In this expression, the first term quantifies the reconstruction loss with \(\mathbf{x}_i^{\rm in}\) the input to and \(\mathbf{x}_i^{\rm out}\) the reconstructed data from the VAE. The second term is the regularization on the latent space for each input data point, which for two (diagonal) Normal distributions can be simplified, see second line of Eq. (46). This procedure regularizes the training through the introduction of noise, similar to the dropout layer in Section Computational neurons. However, the regularization here not only generically increases generalization, but also enforces the desired structure in the latent space.
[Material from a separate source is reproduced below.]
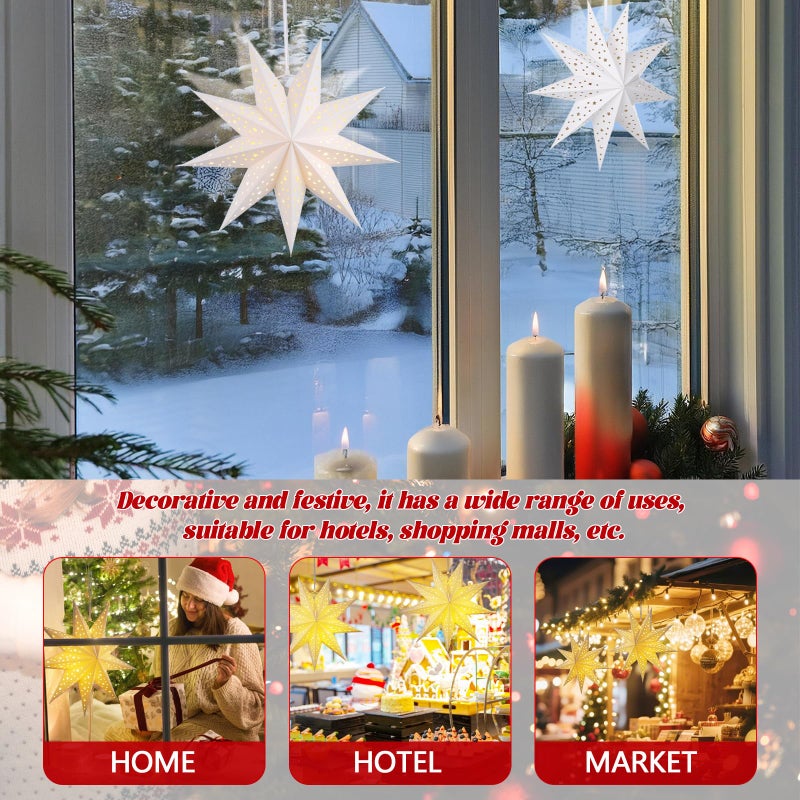 OSALADI 3Pcs Paper Star Lantern Lampshade 9 Pointed Star Hanging Decorations for Christmas New Year Wedding Party Holiday Birthday, 13.78 x 13.78 x 5.12 Inch - Image 5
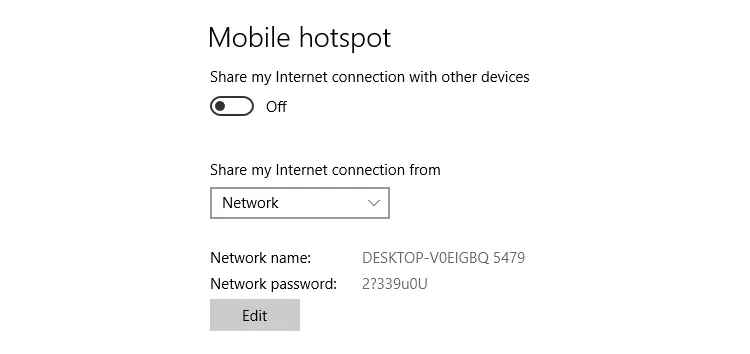 windows 10 create mobile hotspot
The structure of a VAE is shown in Fig. 27. By enforcing the mean and variance structure of the encoder output, the latent space fulfills the requirements outlined above. This type of structure can then serve as a generative model for many different data types: anything from human faces to complicated molecular structures. Hence, the variational autoencoder goes beyond extracting information from a dataset, but can be used for the scientific discovery. Note, finally, that the general structure of the variational autoencoder can be applied beyond the simple example above. As an example, a different distribution function can be enforced in the latent space other than the standard Normal distribution, or a different neural network can be used as encoder and decoder, such as a RNN.